## [Required action]
Set the pictures aside and set down only the lines from the line holding "2024 Nissan Pathfinder SL 4WD" through the end of the entries below, ends included.

(Extracted data entries)
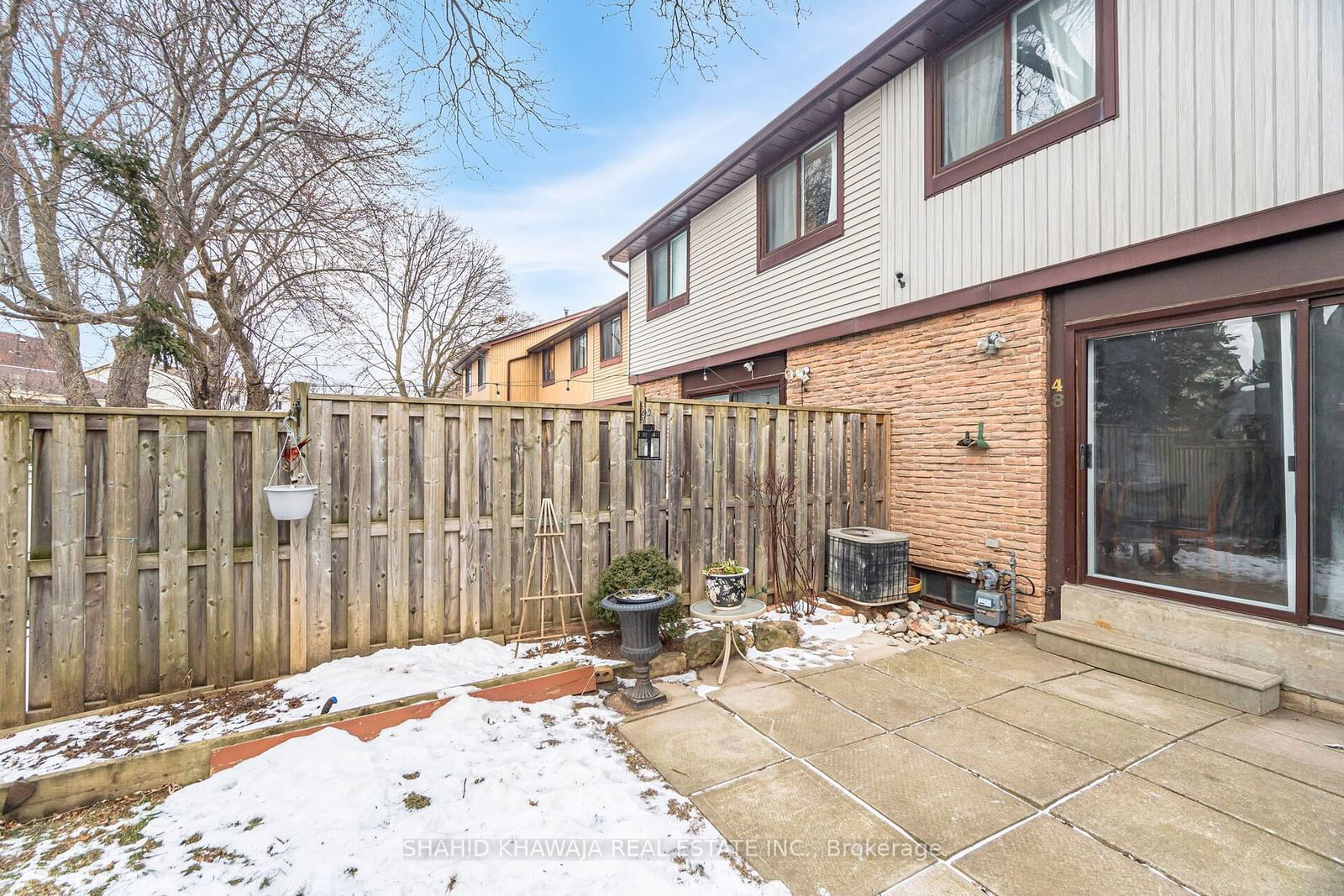 Falconer & Charing Townhomes, Mississauga, Toronto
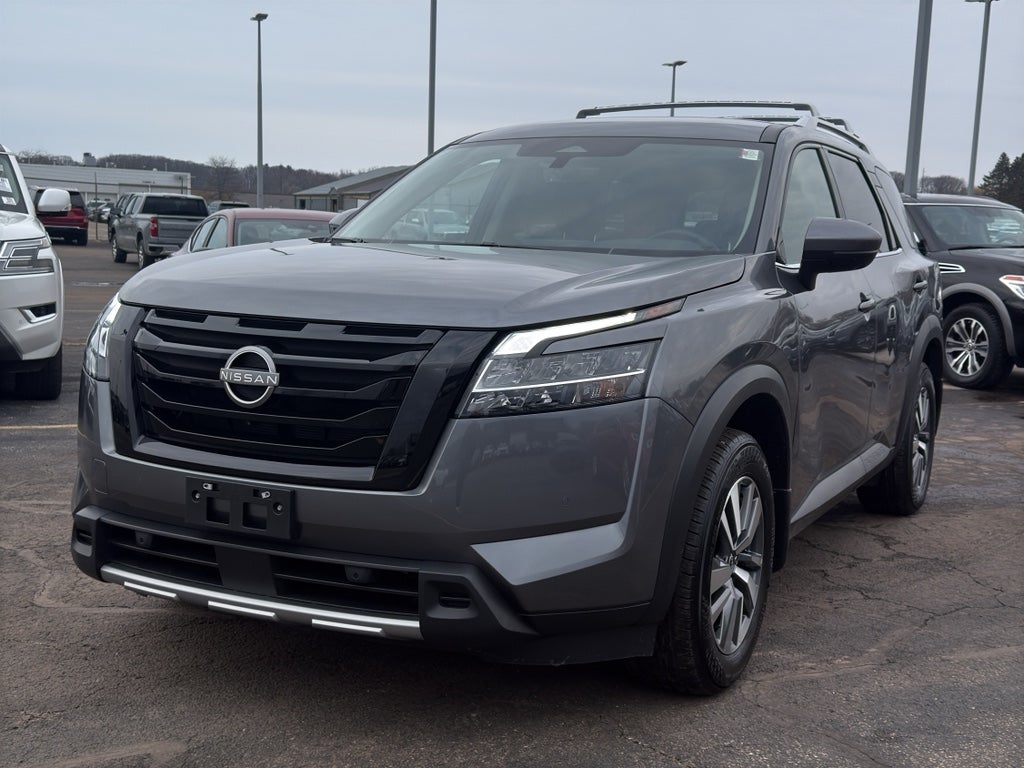 2024 Nissan Pathfinder SL 4WD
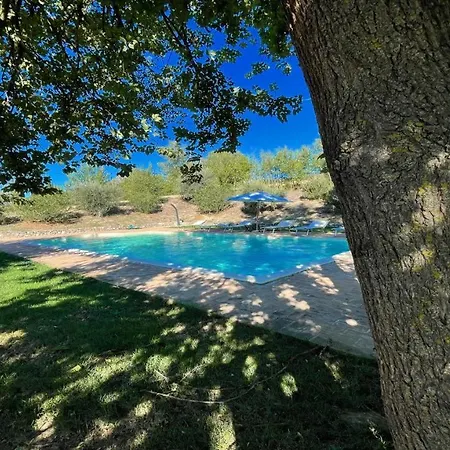Отель Todi By The Pool Villasleeps 10exclusive Poolwalk To Todi Restaurant 4*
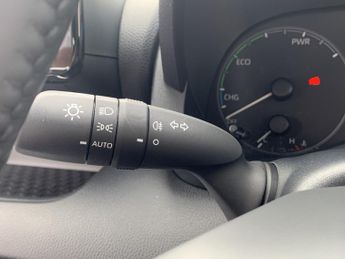 TOYOTA YARIS 1.5 VVT-h Icon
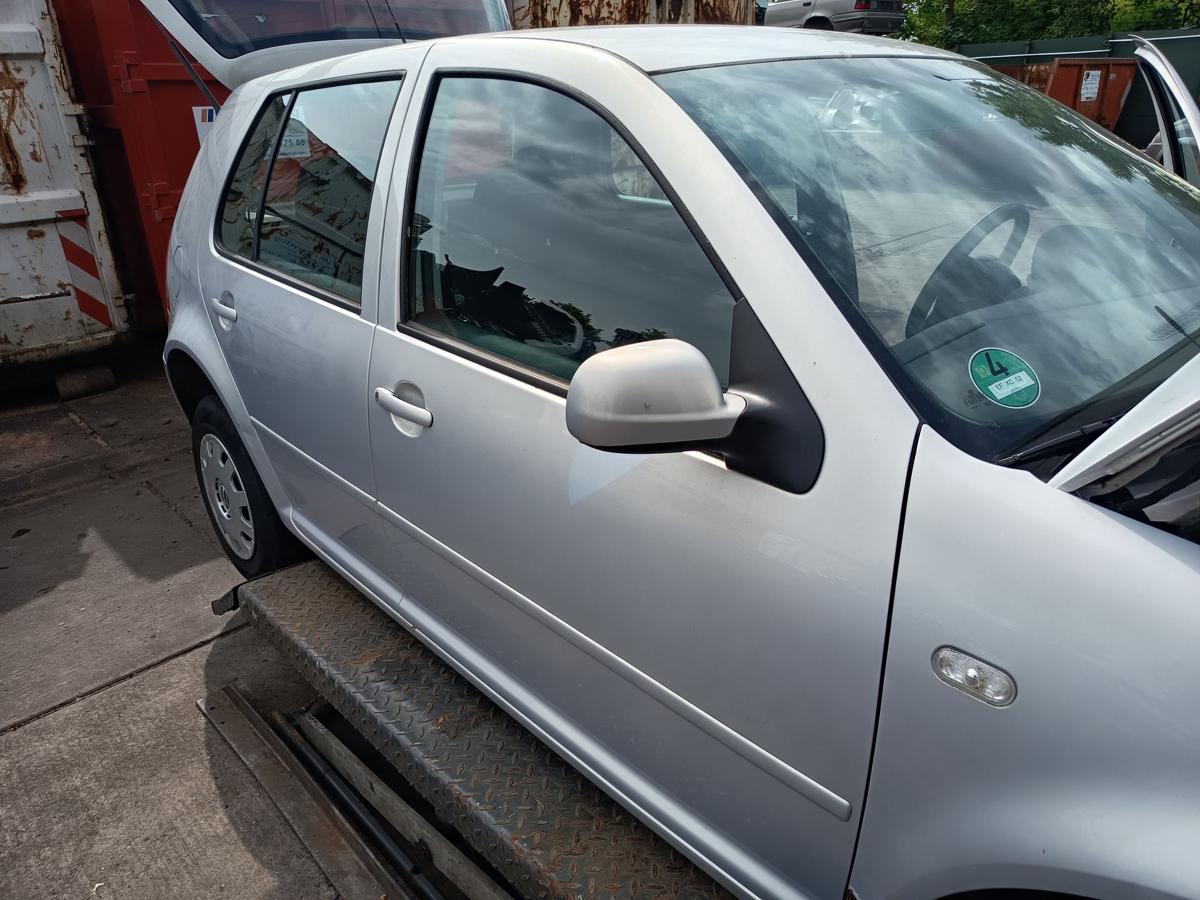 VW Golf IV original T&uuml;r vorn rechts Beifahrer Rohbau B7Z Satinsilber Bj 1998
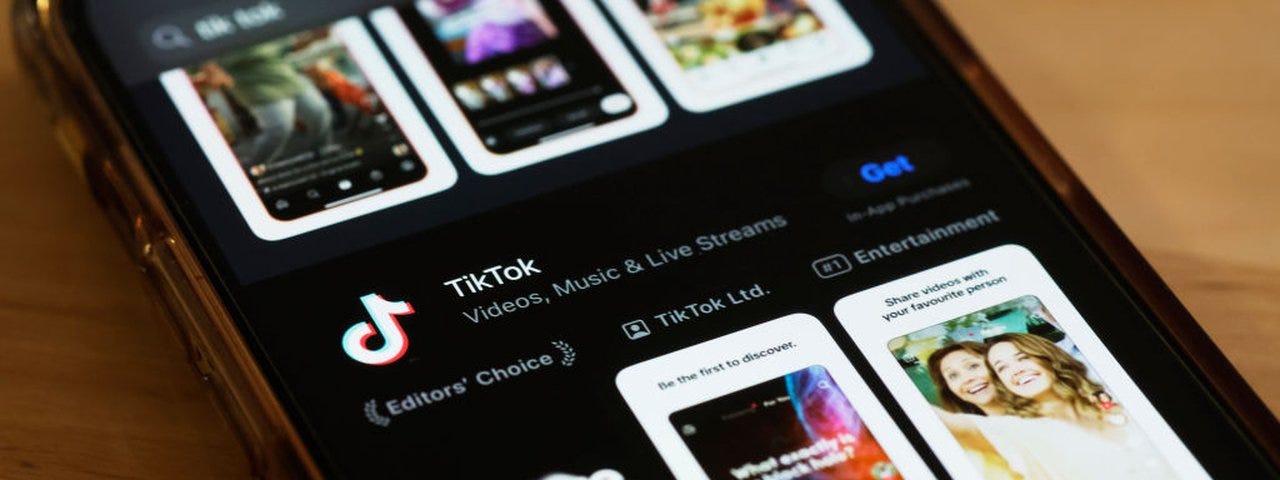Imagem de: TikTok sabe que causa depressão e ansiedade em jovens, diz processo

## [Written answer]
 2024 Nissan Pathfinder SL 4WD
Отель Todi By The Pool Villasleeps 10exclusive Poolwalk To Todi Restaurant 4*
 TOYOTA YARIS 1.5 VVT-h Icon
 VW Golf IV original T&uuml;r vorn rechts Beifahrer Rohbau B7Z Satinsilber Bj 1998
Imagem de: TikTok sabe que causa depressão e ansiedade em jovens, diz processo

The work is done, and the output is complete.